Research can be difficult on the effect of the reduction of native plant and animal species on the rest of the environment, such as sparse top predators like the jaguar in the Amazon. “Because of [the presence of] white man and Indians; it can’t necessarily be affirmed,” Messias Costa said.

The jaguar, an endangered species in the Amazon, plays an intricate role within food webs in this environment. However, Messias Costa said that the presence of humans in this area especially the indigenous peoples located there make it difficult to measure what this is doing to the rest of the ecosystem. Humans consume many of the same species normally eaten by jaguars, such as the white pig.

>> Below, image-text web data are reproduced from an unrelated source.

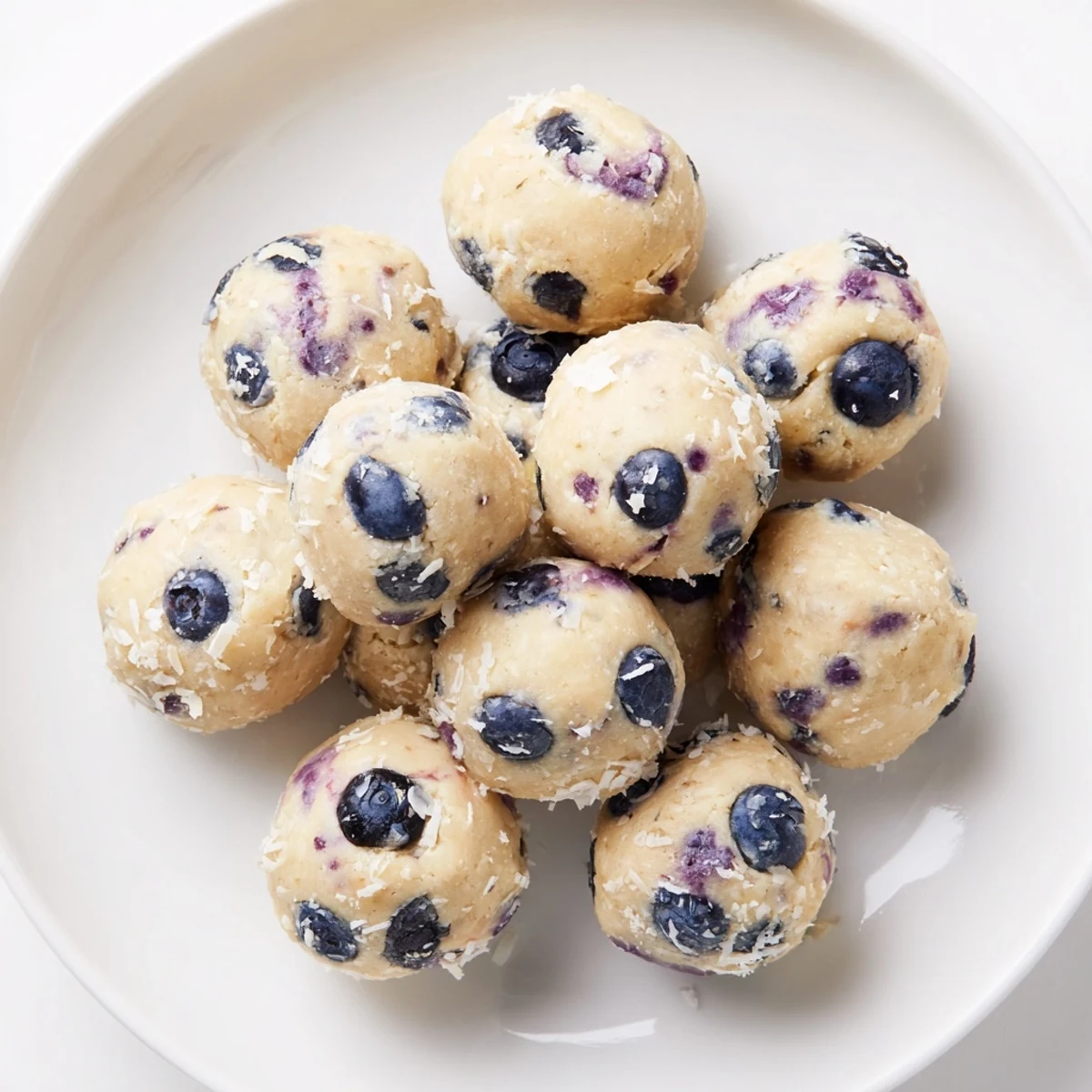 Creamy blueberry cheesecake protein balls with visible blueberry pieces ready for snacking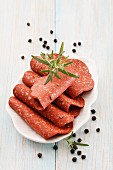 Slices of veggie pepper salami based on protein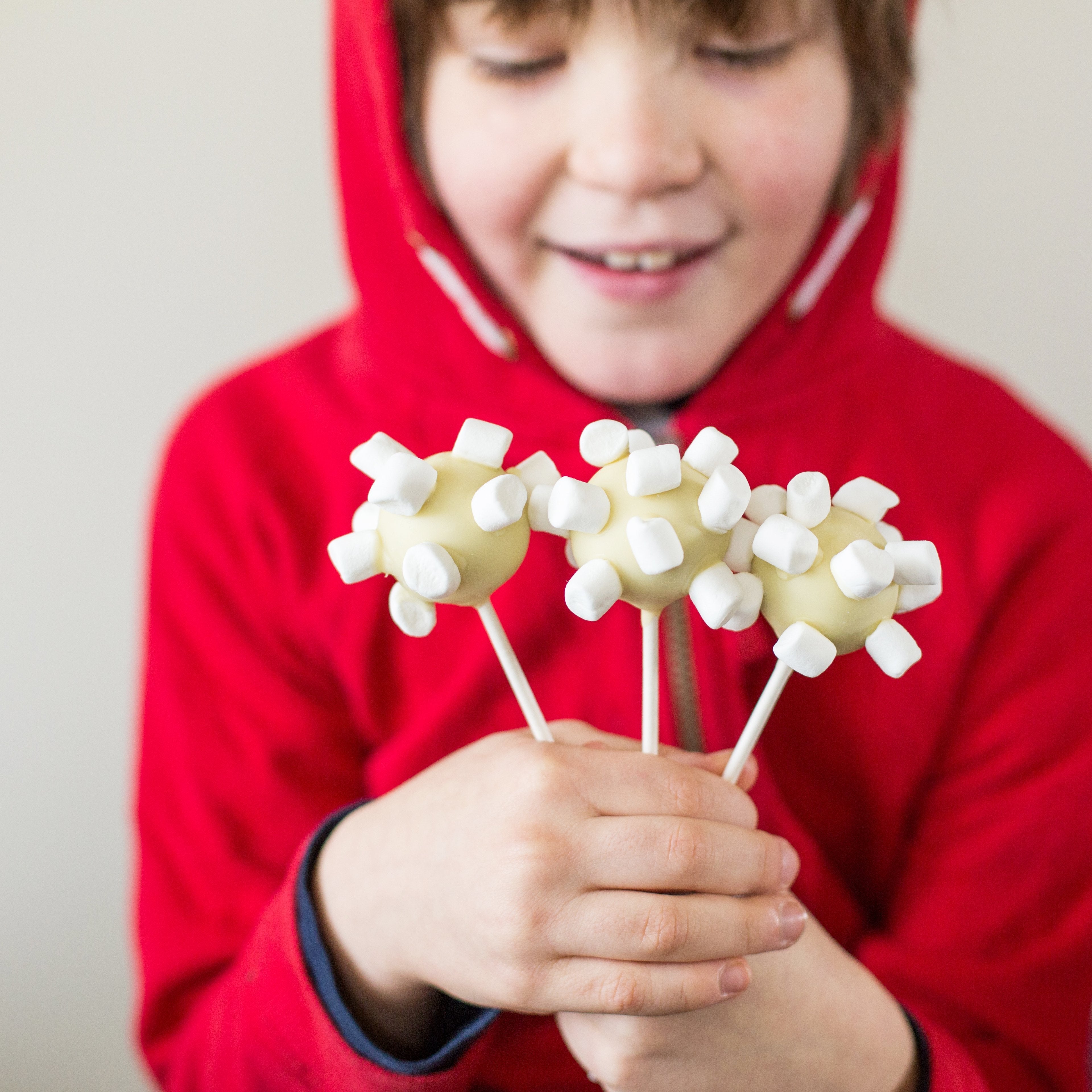 Child in red hoodie holding three cake pops decorated with white marshmallows, resembling a virus shape.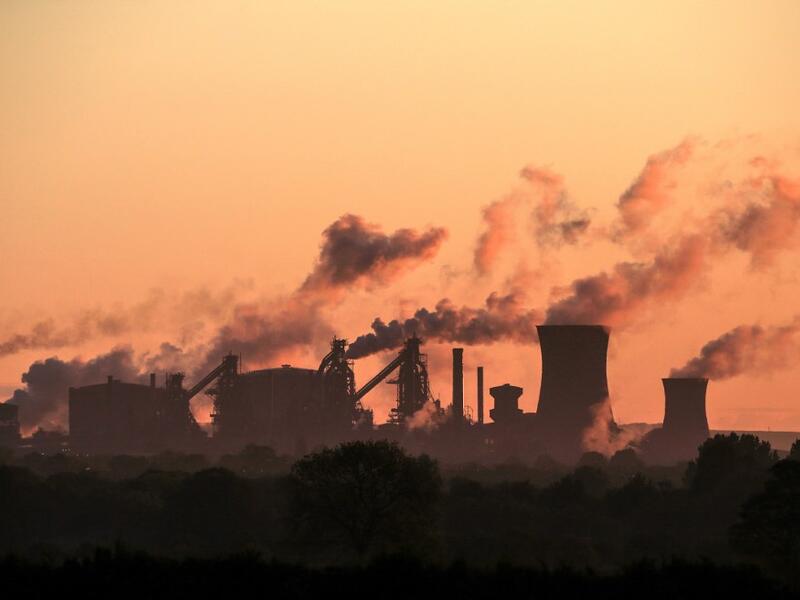In this file photo taken on May 22, 2019, vapour is pictured rising from British Steel's Scunthorpe plant at dawn in north Lincolnshire, north east England UK manufacturing activity rebounded in February to a ten-month high on easing Brexit uncertainty, but supply chains were nevertheless pressured by coronavirus concerns, data showed on March 2, 2020. The IHS Markit UK Manufacturing purchasing managers' index (PMI) stood at 51.7 last month, the group said in a statement. Lindsey Parnaby / AFP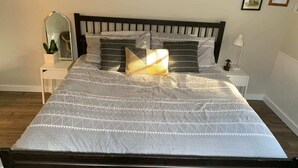 Ein ordentlich bezogenes Bett mit gemustertem Überwurf und Kissen, ein Nachttisch mit Lampe, Spiegel und einer kleinen Topfpflanze.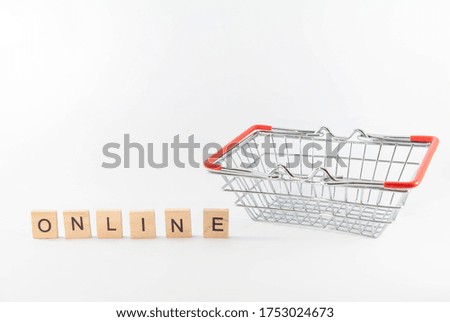 Online shopping. Shopping basket with wooden blocks "ONLINE" on white background. Concept of online shopping during coronavirus pandemic crisis. Selective focus with copy space.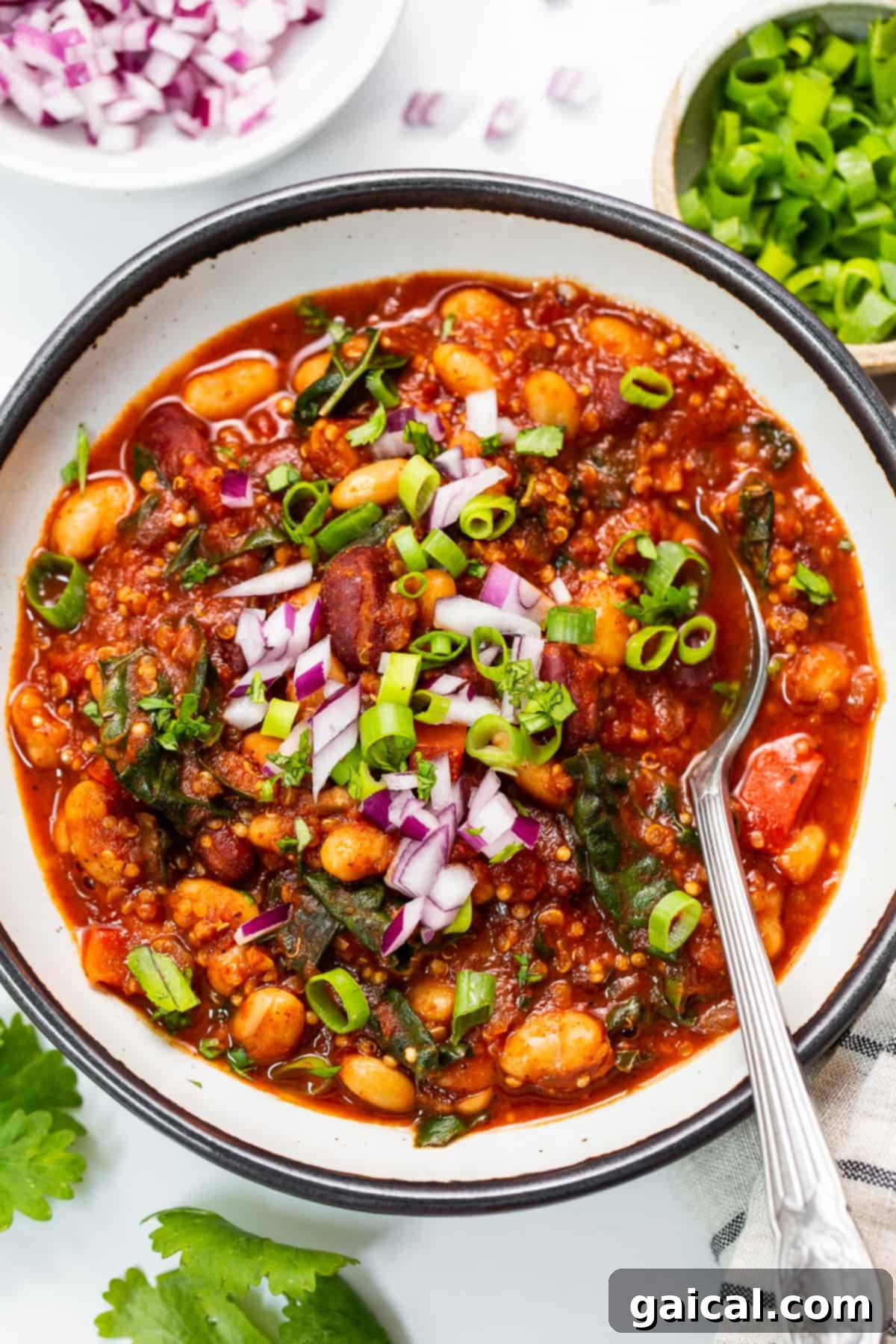 A nourishing and flavorful quinoa chili with roasted red peppers and jalapeños, rich in fiber and protein. A vibrant bowl of hearty quinoa chili, garnished with fresh herbs and a swirl of vegan cream, ready to be enjoyed.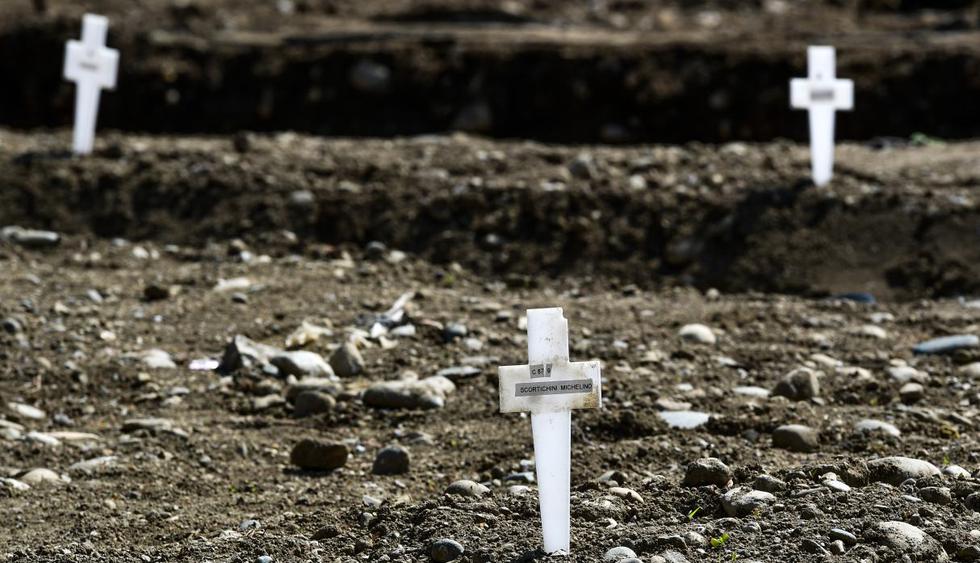 Tres cruces en el área llamada Campo 87, donde unos 60 cuerpos no reclamados de personas que murieron por coronavirus, han sido enterrados por el municipio en el cementerio Maggiore en Milán. (Miguel MEDINA / AFP).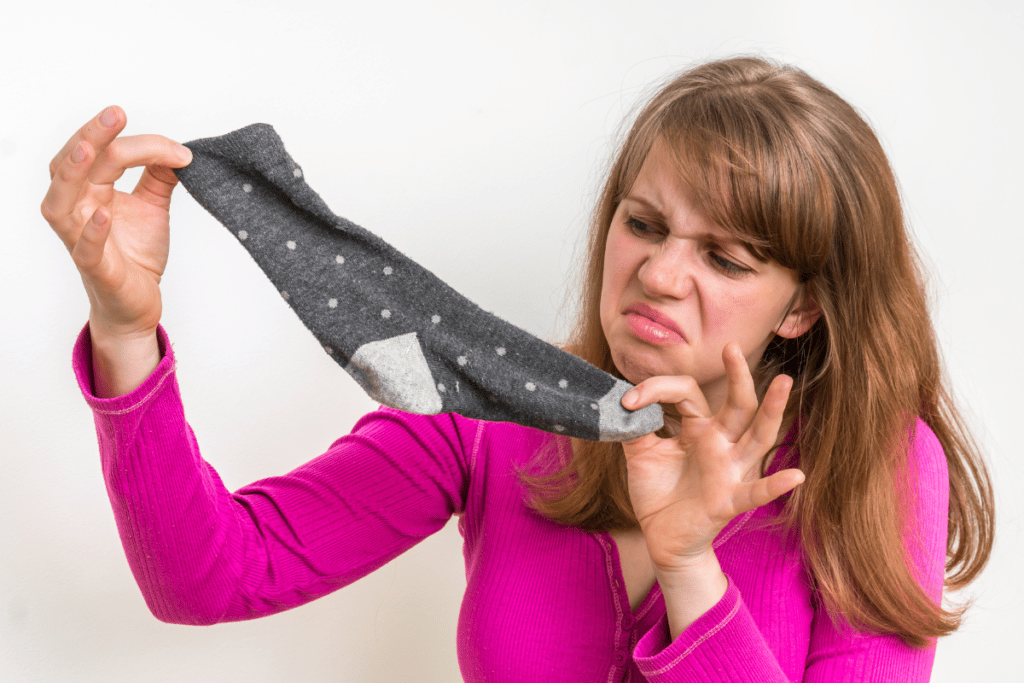 Running socks may smell bad even after washing because of trapped bacteria.
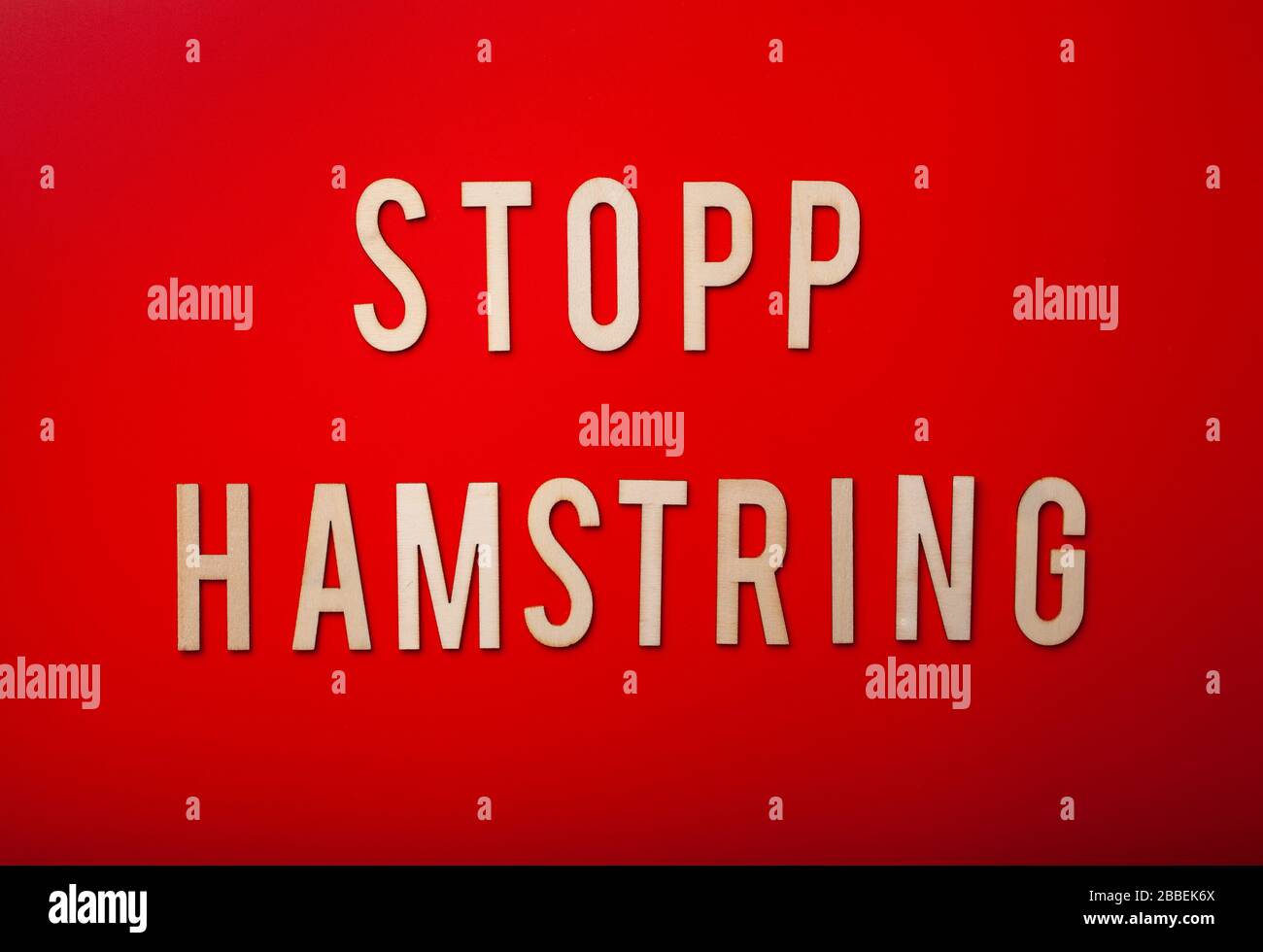 stopp hamstring norwegian word text wooden letter on red background coronavirus covid-19 Stock Photo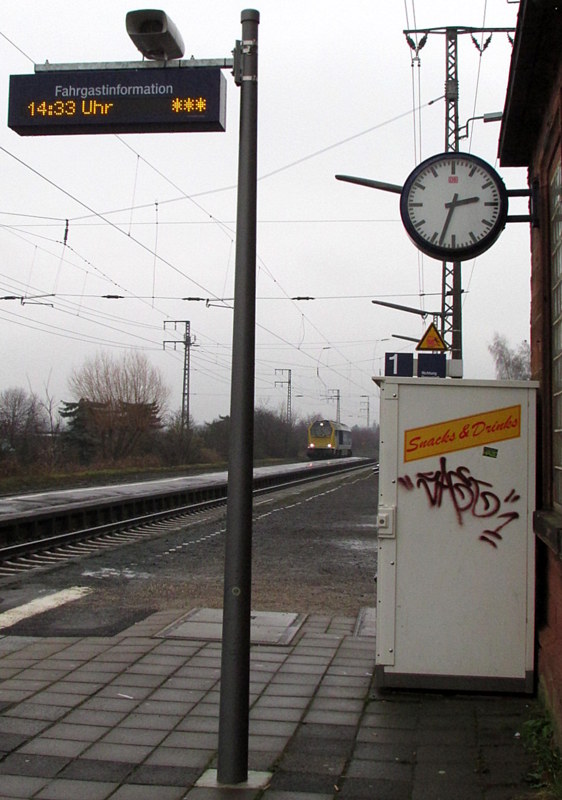 Bahnhofsuhr,Fahrgastinformation und eine Diesellok auf einem Bild.
Aufgenommen in Weiterstadt am 14.Dez.2013 um 14:33 Uhr.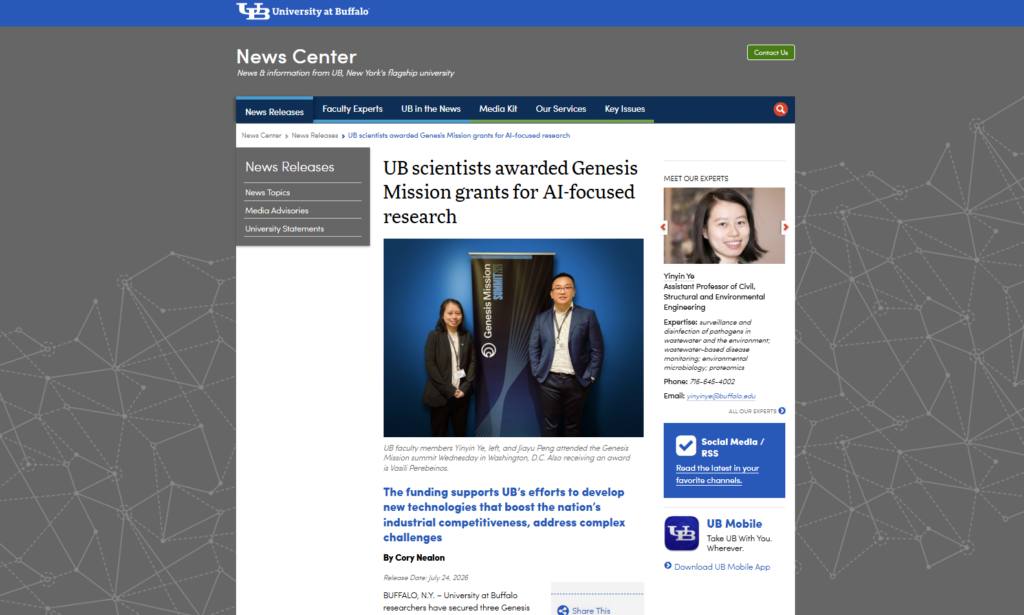 A screenshot of a University at Buffalo news article titled "UB scientists awarded Genesis Mission grants for AI-focused research." The featured image shows faculty members Yinyin Ye and Jiasu Peng standing next to a "Genesis Mission SUMMIT" banner.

When trying to examine this effect in the wild, it would seem that the depleting jaguar population would have a negative effect on lower parts of food chains, Messias Costa said, but that the efforts made in recent research has not yet been conclusive.

At the 1992 CBD a 2010 target was made by those countries that signed. According to the CBD Web site, “The Project for the Conservation and Sustainable Use of Brazilian Biodiversity supports the elaboration of a national report on invasive alien species, which will compile important information on the country’s needs and priorities.”

The main goal of this 2010 target is to map out different species in order to figure out not only issues with biological invaders but to ensure solutions for groups who rely on certain plants and animals for survival. Social effects are more easily measured that those in the wild.

Messias Costa said that to solve the environmental issues, the Brazilian government must solve socioeconomic issues, as well. This played a large factor in the World Environment Day and the policies signed by the minister and president.

Messias Costa is soon going on a 10-day excursion to a remote Amazon tribe to help teach them how to subsist on different resources other than what their heritage usually survives on. He said he will be there with biologists and anthropologists in order to understand not only the requirements of the environment but also the tribe’s culture.

According to the Ministry of Environment Web site, the CBD is “ ‘Conscious of the intrinsic value of biodiversity and ecological values, socially, economically, scientifically, educationally, culturally, recreationally and aesthetically when it comes to biological diversity and its components.’ ”

Taking a holistic approach to environmental reform must be taken in countries like Brazil because many facets of Brazilian culture depend on its resources as it is an export-driven country, unlike the United States and other more developed regions.

Come 2010 when those countries participating will reconvene for the CBD, the Brazilian government must report and make conclusions not only by taking into consideration its environmental impact, but the economic and social impacts future policy-making will incur.

Note: the Web site’s cited have been translated from Portuguese to English via Google Translator.